*What is needed:* From the material below, please set down exactly the lines starting with the one with "Aerial shot of Perth CBD in daytime" and going on through the one with "Beautiful woman in bikini relaxing", without a single picture.

*Exercise data:*
┌────────
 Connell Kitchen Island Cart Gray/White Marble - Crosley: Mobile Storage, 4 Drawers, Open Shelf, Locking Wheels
└────────
┌────────
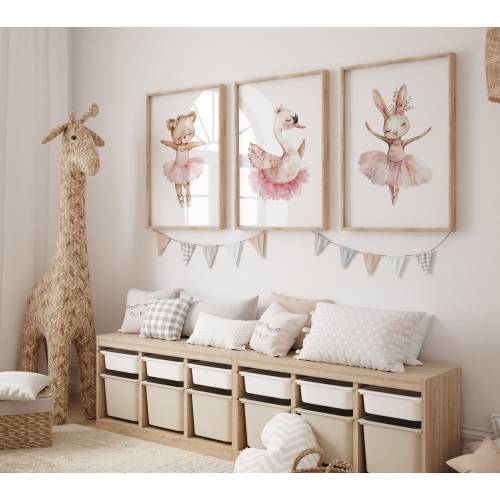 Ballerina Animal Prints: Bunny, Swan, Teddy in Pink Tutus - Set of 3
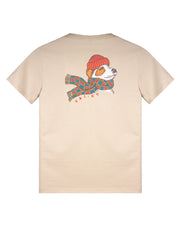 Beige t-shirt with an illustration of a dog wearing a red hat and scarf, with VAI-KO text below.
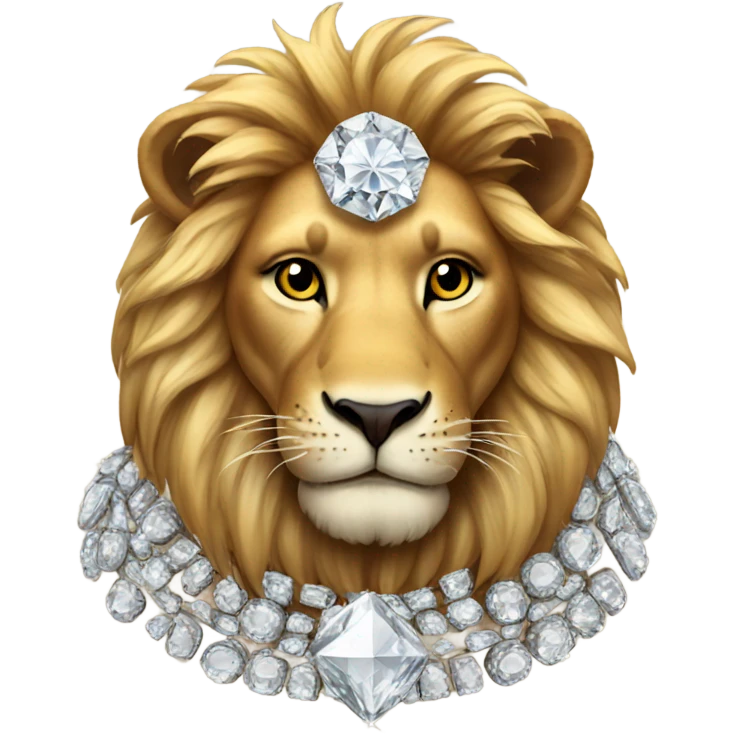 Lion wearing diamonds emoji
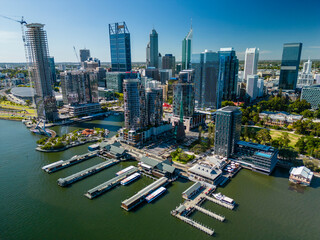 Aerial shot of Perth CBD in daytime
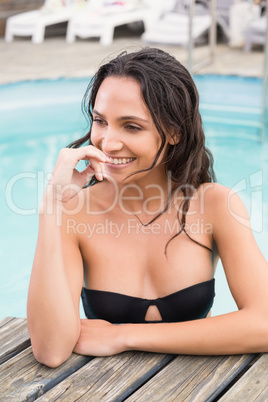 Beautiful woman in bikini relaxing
└────────
┌────────
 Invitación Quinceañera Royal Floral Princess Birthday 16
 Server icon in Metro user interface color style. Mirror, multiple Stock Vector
└────────
*Task response:*
 Aerial shot of Perth CBD in daytime
 Beautiful woman in bikini relaxing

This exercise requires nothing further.